部落解放・人権研究所職員1名と翻訳ボランティア1名の2名で、ジュネーブから配信されてくるケースを翻訳しています。事件解決のためには迅速なケースの配信が必要なため、翻訳作業を助けてもらえる翻訳ボランティアを今後も募っていきます。

2006年度より、中南米諸国の速報が英語に翻訳されて送られてくるようになりました。そのため、SOSの情報が地域的に多様になりました。重要なこととして、関係国の当局に日本から要請が送られるようになったことは、事件解決の点から見ても望ましいことです。

アフリカ諸国の速報はフランス語で送信されてくるため、今後はこれら速報を少しでも日本語で提供できるようにすることが課題として残されています。

SOSニュースで配信する人権侵害事件の背景を読者の方々によりよく理解してもらえるよう、必要に応じて関連情報を提供する可能性を引き続き検討します。また、一昨年度より、要請行動によって改善されたケースを「グッドニュース」特集として報告していくことを課題にしていますが、残念ながら、特集するに至る件数にはなりませんでした。

(2) [SOSニュース]の積極的な活動紹介

要請行動後、各国当局からの返事を受けた場合など、読者からSOSニュース翻訳委員会事務局に情報提供をしてもらえるよう引き続き求めていきます。

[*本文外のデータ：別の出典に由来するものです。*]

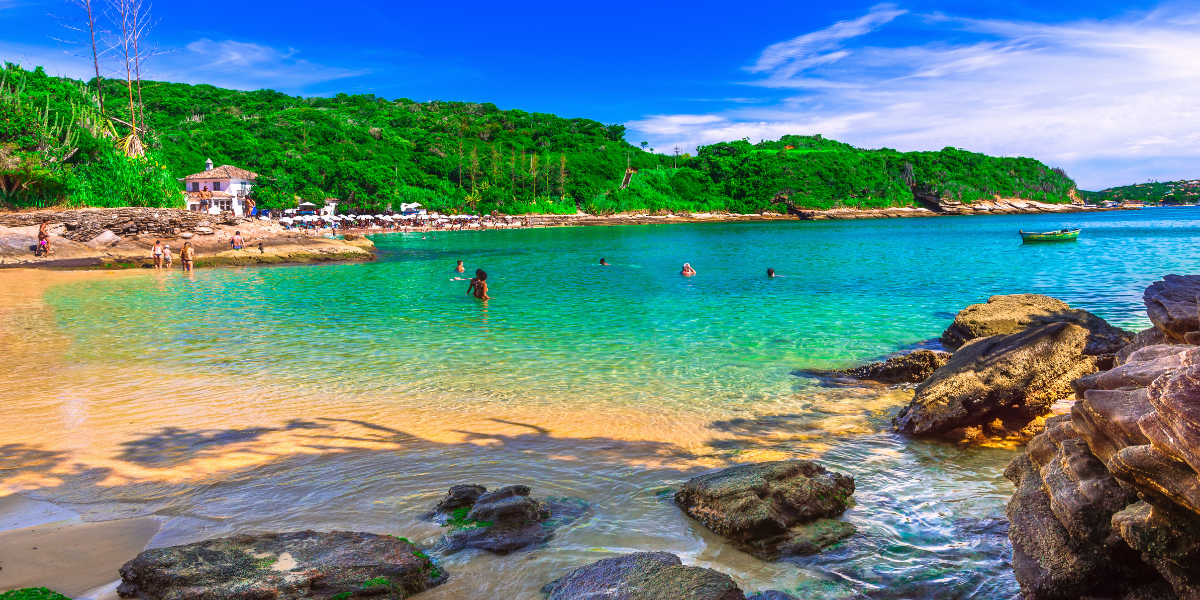 Profitez de ses magnifiques plages... 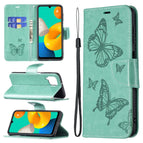 For Samsung Galaxy M32 / Green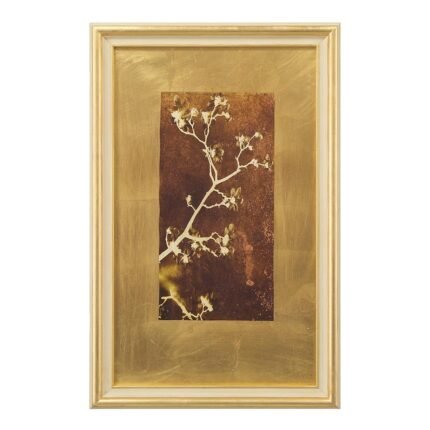 Gold-Leaf Branches I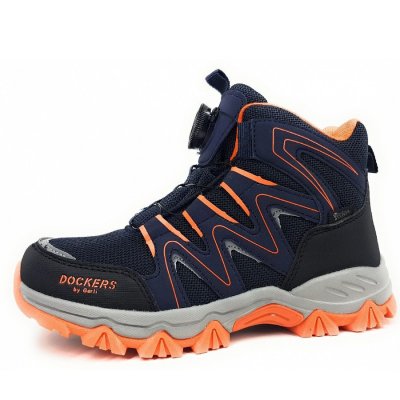 Dockers by Gerli Stiefel in navy/navy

国際的な人権問題に取り組んでいる団体や雑誌などに、翻訳委員会のニュースを提供し、情報活動を拡大するとともに、要請行動へのより幅広い参加を求めていきます。

 

(3)[SOSニュース]の配信の状況

1. 部落解放・人権研究所のホームページへの掲載

  毎号、すべての事件の日本語訳と英語原文を部落解放・人権研究所のホームページに掲載しています。要請行動の例文および要請先のアドレスも掲載されていますので、カット&ペーストで活用していただけます。URL:http://blhrri.org/kokusai/sos/sos.htm

2. メール・マガジンによる配信

  登録いただいている読者に、毎号、事件の日本語訳と英語原文を配信しています。現在の登録人数は187人です。

3. 『法律新聞』等への掲載

  週刊『法律新聞』に毎号、SOSニュースで取り上げた事件のダイジェストを掲載していただいています。

4. 個人への送付

  郵送の登録をしていただいている個人の方に、SOSニュースを郵送にてお送りしています。